• **EXERCISE PROMPT**: Nothing but the images should be left out when the entries are restated word for word.

[Captioned web image data]

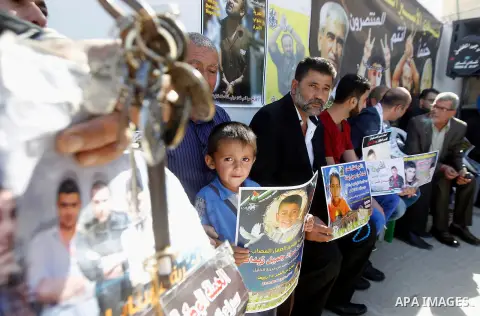 Palestinians hold banners during a protest to show solidarity with Palestinian prisoners in Israeli jails, in front of Red cross office in the West Bank city of Hebron, on October 31, 2016. Photo by Wisam Hashlamoun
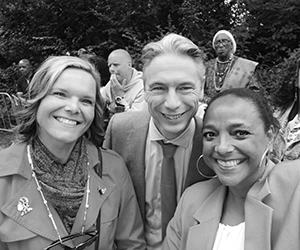 Drie lachende mensen poseren voor selfie buiten
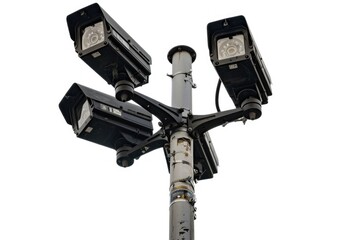 A street light with three security cameras attached, providing surveillance and monitoring capabilities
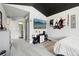 Bedroom view featuring a decorative wall design with a television and ensuite bathroom that offers both comfort and style at 423 N Snowmass Cir, Superior, CO 80027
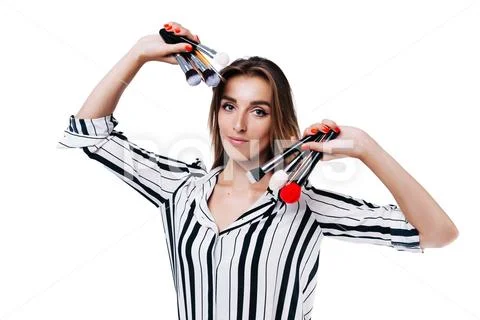 Makeup artist girl on a white background with brushes Stock Photos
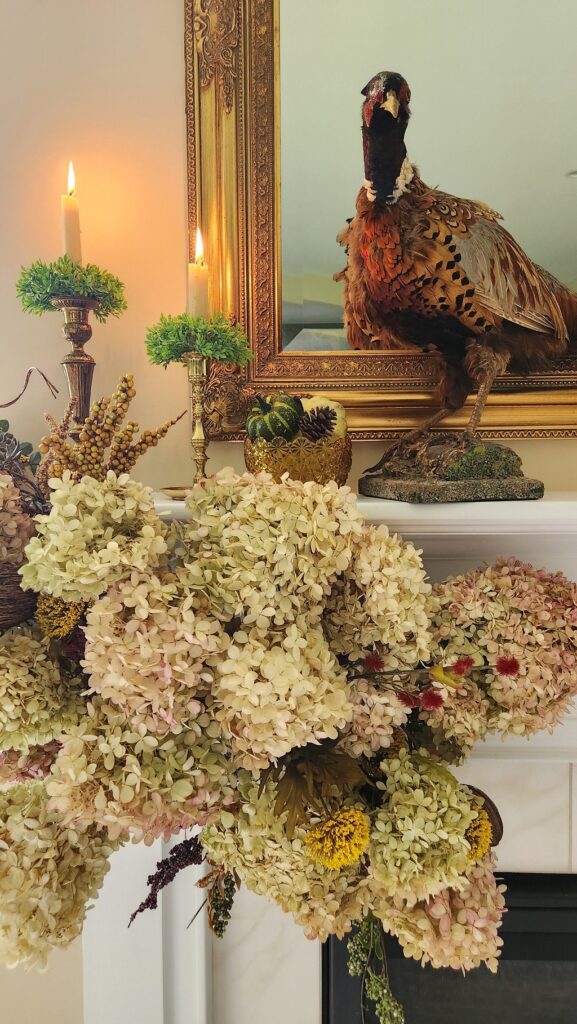 faux floral swag on mantle with stuffed pheasant
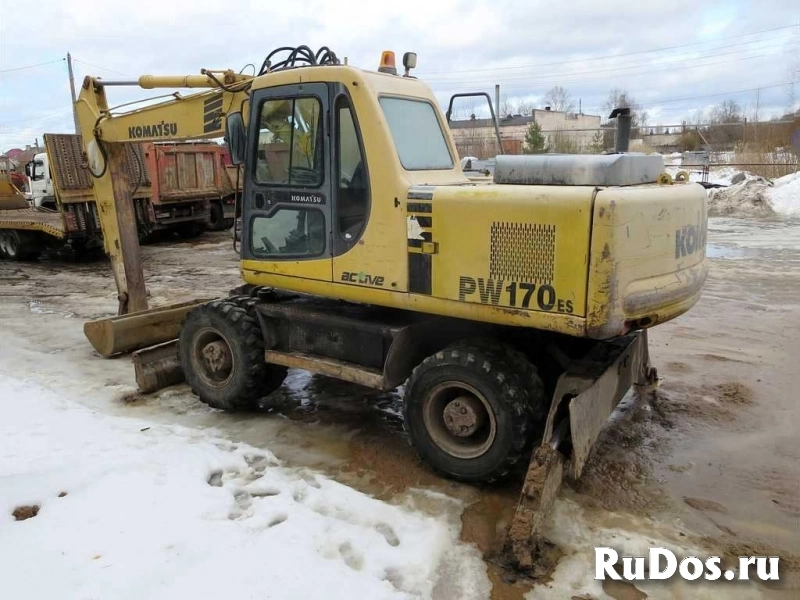 Колесник Komatsu 170, 19 т., 2 ковша, макс. опции фотка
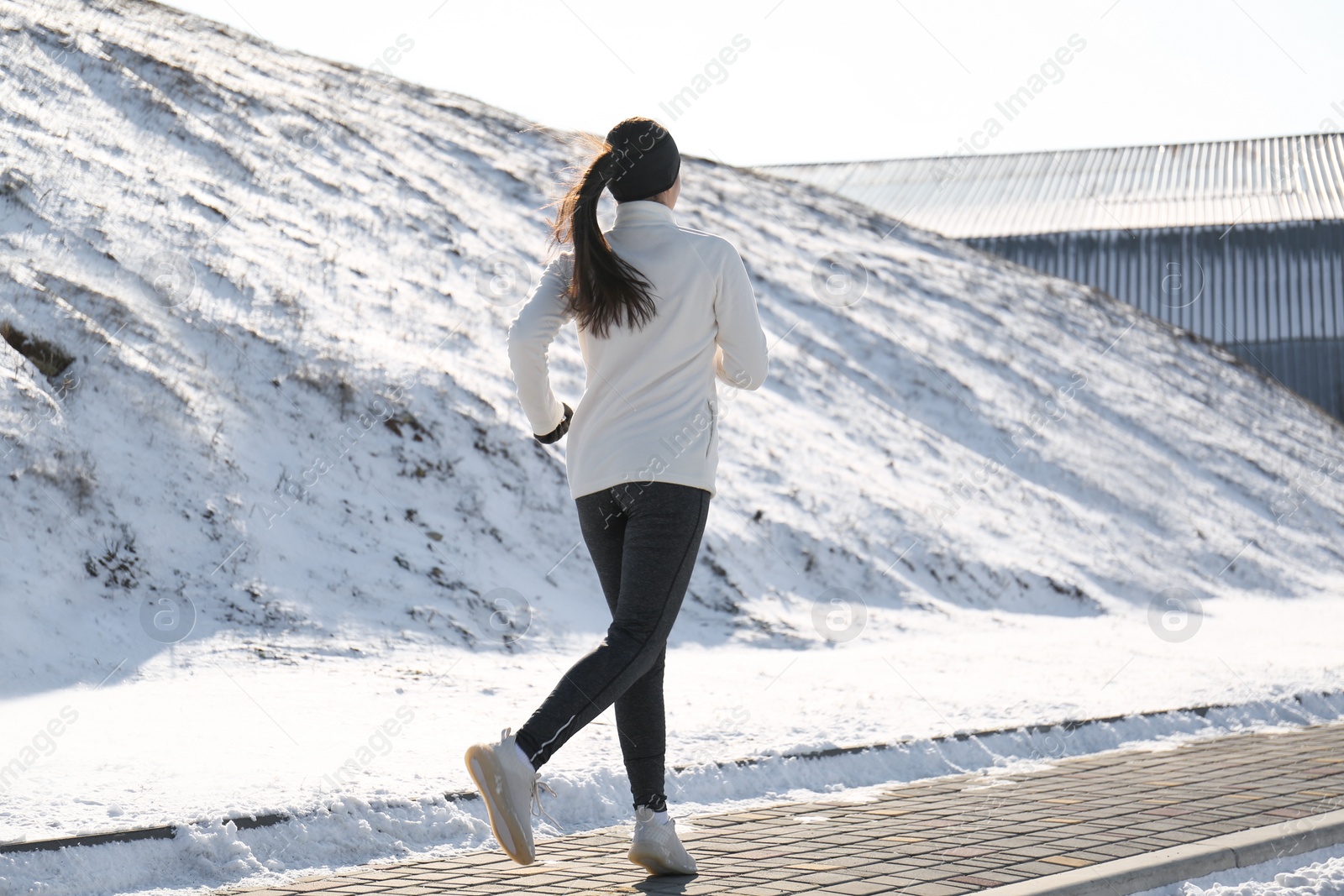 Photo of Woman running past snowy hill in winter, back view. Outdoors sports exercises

• **ANSWER AREA**:
 Palestinians hold banners during a protest to show solidarity with Palestinian prisoners in Israeli jails, in front of Red cross office in the West Bank city of Hebron, on October 31, 2016. Photo by Wisam Hashlamoun
 Drie lachende mensen poseren voor selfie buiten
 A street light with three security cameras attached, providing surveillance and monitoring capabilities
 Bedroom view featuring a decorative wall design with a television and ensuite bathroom that offers both comfort and style at 423 N Snowmass Cir, Superior, CO 80027
 Makeup artist girl on a white background with brushes Stock Photos
 faux floral swag on mantle with stuffed pheasant
 Колесник Komatsu 170, 19 т., 2 ковша, макс. опции фотка
 Photo of Woman running past snowy hill in winter, back view. Outdoors sports exercises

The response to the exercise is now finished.